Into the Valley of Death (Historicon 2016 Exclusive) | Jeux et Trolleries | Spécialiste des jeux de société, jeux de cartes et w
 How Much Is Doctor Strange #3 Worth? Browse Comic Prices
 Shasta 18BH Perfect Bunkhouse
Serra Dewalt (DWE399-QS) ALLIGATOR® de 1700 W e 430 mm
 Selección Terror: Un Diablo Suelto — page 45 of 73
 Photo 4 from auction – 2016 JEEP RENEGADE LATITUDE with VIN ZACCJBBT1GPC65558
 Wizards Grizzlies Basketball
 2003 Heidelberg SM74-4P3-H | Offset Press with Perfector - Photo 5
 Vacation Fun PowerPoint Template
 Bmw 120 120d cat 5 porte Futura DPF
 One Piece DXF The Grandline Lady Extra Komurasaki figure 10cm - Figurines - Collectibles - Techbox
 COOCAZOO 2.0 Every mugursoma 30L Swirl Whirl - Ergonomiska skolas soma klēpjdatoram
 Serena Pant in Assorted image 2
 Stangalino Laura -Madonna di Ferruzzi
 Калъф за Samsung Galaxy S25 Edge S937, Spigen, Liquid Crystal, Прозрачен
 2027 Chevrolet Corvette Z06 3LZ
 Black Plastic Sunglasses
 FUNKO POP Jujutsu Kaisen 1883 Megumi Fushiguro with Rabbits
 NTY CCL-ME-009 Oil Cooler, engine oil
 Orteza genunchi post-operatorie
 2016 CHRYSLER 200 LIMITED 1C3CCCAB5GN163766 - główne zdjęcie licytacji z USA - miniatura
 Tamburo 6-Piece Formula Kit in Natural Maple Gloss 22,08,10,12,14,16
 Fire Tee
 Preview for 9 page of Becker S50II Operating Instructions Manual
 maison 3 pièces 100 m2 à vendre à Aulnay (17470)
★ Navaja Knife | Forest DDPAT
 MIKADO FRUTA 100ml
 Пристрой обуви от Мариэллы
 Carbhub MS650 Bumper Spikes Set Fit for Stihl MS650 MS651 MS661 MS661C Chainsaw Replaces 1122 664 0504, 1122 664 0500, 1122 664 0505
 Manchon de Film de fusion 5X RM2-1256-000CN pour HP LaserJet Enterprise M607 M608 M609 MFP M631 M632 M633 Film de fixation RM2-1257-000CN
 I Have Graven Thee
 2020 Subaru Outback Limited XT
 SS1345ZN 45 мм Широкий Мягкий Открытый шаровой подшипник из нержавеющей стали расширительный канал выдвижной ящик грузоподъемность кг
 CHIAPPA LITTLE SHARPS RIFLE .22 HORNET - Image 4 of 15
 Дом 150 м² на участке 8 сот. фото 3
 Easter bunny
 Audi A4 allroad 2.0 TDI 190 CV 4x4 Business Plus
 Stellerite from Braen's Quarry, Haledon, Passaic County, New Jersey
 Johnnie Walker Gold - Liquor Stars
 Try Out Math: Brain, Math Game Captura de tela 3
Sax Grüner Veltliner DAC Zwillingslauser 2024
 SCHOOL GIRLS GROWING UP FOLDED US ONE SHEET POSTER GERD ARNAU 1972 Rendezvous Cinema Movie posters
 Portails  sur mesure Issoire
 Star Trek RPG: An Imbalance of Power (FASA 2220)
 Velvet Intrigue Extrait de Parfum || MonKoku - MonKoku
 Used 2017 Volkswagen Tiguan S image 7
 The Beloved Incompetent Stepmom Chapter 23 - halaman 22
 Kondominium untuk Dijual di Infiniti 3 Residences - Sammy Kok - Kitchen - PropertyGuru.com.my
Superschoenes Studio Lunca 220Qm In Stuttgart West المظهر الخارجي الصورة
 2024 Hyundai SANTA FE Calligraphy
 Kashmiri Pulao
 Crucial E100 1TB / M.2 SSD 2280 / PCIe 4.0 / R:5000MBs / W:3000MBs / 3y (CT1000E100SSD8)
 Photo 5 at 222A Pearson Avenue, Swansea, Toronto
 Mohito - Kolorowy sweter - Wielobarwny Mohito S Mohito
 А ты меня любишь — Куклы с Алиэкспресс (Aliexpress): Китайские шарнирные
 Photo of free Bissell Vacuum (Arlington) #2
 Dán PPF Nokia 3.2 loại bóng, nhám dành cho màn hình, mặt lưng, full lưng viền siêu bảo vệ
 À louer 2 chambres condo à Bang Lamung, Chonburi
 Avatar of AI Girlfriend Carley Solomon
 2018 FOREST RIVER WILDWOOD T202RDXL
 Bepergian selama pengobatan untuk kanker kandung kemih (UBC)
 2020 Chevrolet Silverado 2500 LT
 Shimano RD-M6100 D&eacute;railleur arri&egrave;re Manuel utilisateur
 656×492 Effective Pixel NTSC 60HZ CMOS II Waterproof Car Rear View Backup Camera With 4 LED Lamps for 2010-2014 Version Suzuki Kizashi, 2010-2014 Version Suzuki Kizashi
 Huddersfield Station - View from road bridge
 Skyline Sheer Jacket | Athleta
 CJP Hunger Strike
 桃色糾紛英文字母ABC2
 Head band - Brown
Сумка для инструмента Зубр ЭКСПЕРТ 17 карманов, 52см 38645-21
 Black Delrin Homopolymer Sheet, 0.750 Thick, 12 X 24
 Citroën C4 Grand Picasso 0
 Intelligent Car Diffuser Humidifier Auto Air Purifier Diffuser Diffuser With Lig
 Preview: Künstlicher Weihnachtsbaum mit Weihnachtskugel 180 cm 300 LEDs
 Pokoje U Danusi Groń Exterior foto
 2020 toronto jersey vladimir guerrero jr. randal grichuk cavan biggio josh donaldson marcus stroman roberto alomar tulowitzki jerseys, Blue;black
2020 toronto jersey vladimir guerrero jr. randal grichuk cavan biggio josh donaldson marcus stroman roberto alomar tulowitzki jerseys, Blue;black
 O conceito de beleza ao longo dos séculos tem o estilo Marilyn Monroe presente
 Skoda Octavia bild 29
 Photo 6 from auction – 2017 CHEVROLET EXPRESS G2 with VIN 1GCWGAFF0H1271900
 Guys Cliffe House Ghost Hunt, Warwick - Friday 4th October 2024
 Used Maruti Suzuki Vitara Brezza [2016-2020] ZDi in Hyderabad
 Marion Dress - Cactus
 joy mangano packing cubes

**WORK TO COMPLETE**. Retype all the material exactly as shown.

**ANSWER BOX**.
Into the Valley of Death (Historicon 2016 Exclusive) | Jeux et Trolleries | Spécialiste des jeux de société, jeux de cartes et w
 How Much Is Doctor Strange #3 Worth? Browse Comic Prices
 Shasta 18BH Perfect Bunkhouse
Serra Dewalt (DWE399-QS) ALLIGATOR® de 1700 W e 430 mm
 Selección Terror: Un Diablo Suelto — page 45 of 73
 Photo 4 from auction – 2016 JEEP RENEGADE LATITUDE with VIN ZACCJBBT1GPC65558
 Wizards Grizzlies Basketball
 2003 Heidelberg SM74-4P3-H | Offset Press with Perfector - Photo 5
 Vacation Fun PowerPoint Template
 Bmw 120 120d cat 5 porte Futura DPF
 One Piece DXF The Grandline Lady Extra Komurasaki figure 10cm - Figurines - Collectibles - Techbox
 COOCAZOO 2.0 Every mugursoma 30L Swirl Whirl - Ergonomiska skolas soma klēpjdatoram
 Serena Pant in Assorted image 2
 Stangalino Laura -Madonna di Ferruzzi
 Калъф за Samsung Galaxy S25 Edge S937, Spigen, Liquid Crystal, Прозрачен
 2027 Chevrolet Corvette Z06 3LZ
 Black Plastic Sunglasses
 FUNKO POP Jujutsu Kaisen 1883 Megumi Fushiguro with Rabbits
 NTY CCL-ME-009 Oil Cooler, engine oil
 Orteza genunchi post-operatorie
 2016 CHRYSLER 200 LIMITED 1C3CCCAB5GN163766 - główne zdjęcie licytacji z USA - miniatura
 Tamburo 6-Piece Formula Kit in Natural Maple Gloss 22,08,10,12,14,16
 Fire Tee
 Preview for 9 page of Becker S50II Operating Instructions Manual
 maison 3 pièces 100 m2 à vendre à Aulnay (17470)
★ Navaja Knife | Forest DDPAT
 MIKADO FRUTA 100ml
 Пристрой обуви от Мариэллы
 Carbhub MS650 Bumper Spikes Set Fit for Stihl MS650 MS651 MS661 MS661C Chainsaw Replaces 1122 664 0504, 1122 664 0500, 1122 664 0505
 Manchon de Film de fusion 5X RM2-1256-000CN pour HP LaserJet Enterprise M607 M608 M609 MFP M631 M632 M633 Film de fixation RM2-1257-000CN
 I Have Graven Thee
 2020 Subaru Outback Limited XT
 SS1345ZN 45 мм Широкий Мягкий Открытый шаровой подшипник из нержавеющей стали расширительный канал выдвижной ящик грузоподъемность кг
 CHIAPPA LITTLE SHARPS RIFLE .22 HORNET - Image 4 of 15
 Дом 150 м² на участке 8 сот. фото 3
 Easter bunny
 Audi A4 allroad 2.0 TDI 190 CV 4x4 Business Plus
 Stellerite from Braen's Quarry, Haledon, Passaic County, New Jersey
 Johnnie Walker Gold - Liquor Stars
 Try Out Math: Brain, Math Game Captura de tela 3
Sax Grüner Veltliner DAC Zwillingslauser 2024
 SCHOOL GIRLS GROWING UP FOLDED US ONE SHEET POSTER GERD ARNAU 1972 Rendezvous Cinema Movie posters
 Portails  sur mesure Issoire
 Star Trek RPG: An Imbalance of Power (FASA 2220)
 Velvet Intrigue Extrait de Parfum || MonKoku - MonKoku
 Used 2017 Volkswagen Tiguan S image 7
 The Beloved Incompetent Stepmom Chapter 23 - halaman 22
 Kondominium untuk Dijual di Infiniti 3 Residences - Sammy Kok - Kitchen - PropertyGuru.com.my
Superschoenes Studio Lunca 220Qm In Stuttgart West المظهر الخارجي الصورة
 2024 Hyundai SANTA FE Calligraphy
 Kashmiri Pulao
 Crucial E100 1TB / M.2 SSD 2280 / PCIe 4.0 / R:5000MBs / W:3000MBs / 3y (CT1000E100SSD8)
 Photo 5 at 222A Pearson Avenue, Swansea, Toronto
 Mohito - Kolorowy sweter - Wielobarwny Mohito S Mohito
 А ты меня любишь — Куклы с Алиэкспресс (Aliexpress): Китайские шарнирные
 Photo of free Bissell Vacuum (Arlington) #2
 Dán PPF Nokia 3.2 loại bóng, nhám dành cho màn hình, mặt lưng, full lưng viền siêu bảo vệ
 À louer 2 chambres condo à Bang Lamung, Chonburi
 Avatar of AI Girlfriend Carley Solomon
 2018 FOREST RIVER WILDWOOD T202RDXL
 Bepergian selama pengobatan untuk kanker kandung kemih (UBC)
 2020 Chevrolet Silverado 2500 LT
 Shimano RD-M6100 D&eacute;railleur arri&egrave;re Manuel utilisateur
 656×492 Effective Pixel NTSC 60HZ CMOS II Waterproof Car Rear View Backup Camera With 4 LED Lamps for 2010-2014 Version Suzuki Kizashi, 2010-2014 Version Suzuki Kizashi
 Huddersfield Station - View from road bridge
 Skyline Sheer Jacket | Athleta
 CJP Hunger Strike
 桃色糾紛英文字母ABC2
 Head band - Brown
Сумка для инструмента Зубр ЭКСПЕРТ 17 карманов, 52см 38645-21
 Black Delrin Homopolymer Sheet, 0.750 Thick, 12 X 24
 Citroën C4 Grand Picasso 0
 Intelligent Car Diffuser Humidifier Auto Air Purifier Diffuser Diffuser With Lig
 Preview: Künstlicher Weihnachtsbaum mit Weihnachtskugel 180 cm 300 LEDs
 Pokoje U Danusi Groń Exterior foto
 2020 toronto jersey vladimir guerrero jr. randal grichuk cavan biggio josh donaldson marcus stroman roberto alomar tulowitzki jerseys, Blue;black
2020 toronto jersey vladimir guerrero jr. randal grichuk cavan biggio josh donaldson marcus stroman roberto alomar tulowitzki jerseys, Blue;black
 O conceito de beleza ao longo dos séculos tem o estilo Marilyn Monroe presente
 Skoda Octavia bild 29
 Photo 6 from auction – 2017 CHEVROLET EXPRESS G2 with VIN 1GCWGAFF0H1271900
 Guys Cliffe House Ghost Hunt, Warwick - Friday 4th October 2024
 Used Maruti Suzuki Vitara Brezza [2016-2020] ZDi in Hyderabad
 Marion Dress - Cactus
 joy mangano packing cubes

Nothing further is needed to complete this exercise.